Assignment: Write out exactly the lines below from the one containing "Подвес Lumion 8270/1A TRACY" to the last, both ends kept, and nothing more; skip all pictures.

Input data:
#####
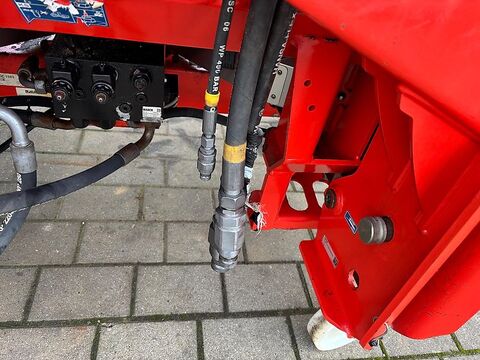 Rauch Axis H 50.1 EMC + W 2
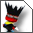 Snowboard Kids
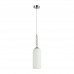 Подвес Lumion 8270/1A TRACY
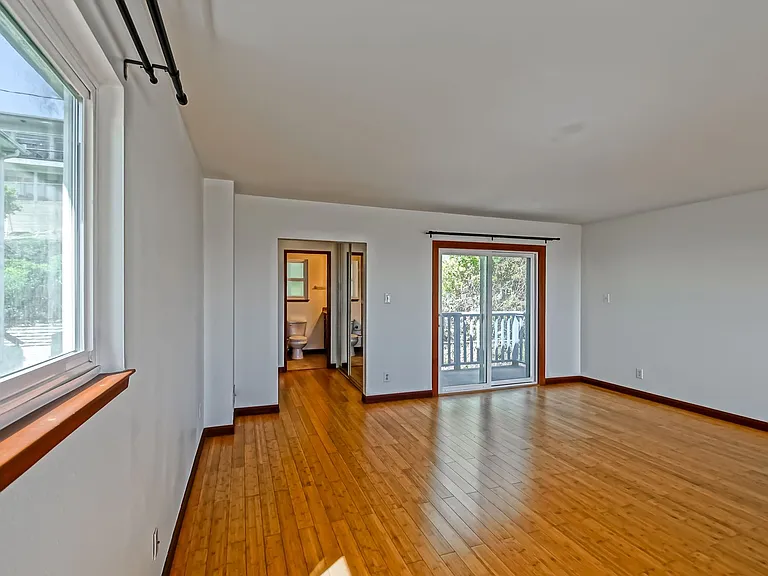 3647-3709 Stephen M White Dr — Photo 28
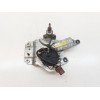 Recambio de motor limpia trasero para citroën berlingo 2.0 hdi sx familiar referencia OEM IAM 3397020407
#####
Problem solution:
 Подвес Lumion 8270/1A TRACY
 3647-3709 Stephen M White Dr — Photo 28
 Recambio de motor limpia trasero para citroën berlingo 2.0 hdi sx familiar referencia OEM IAM 3397020407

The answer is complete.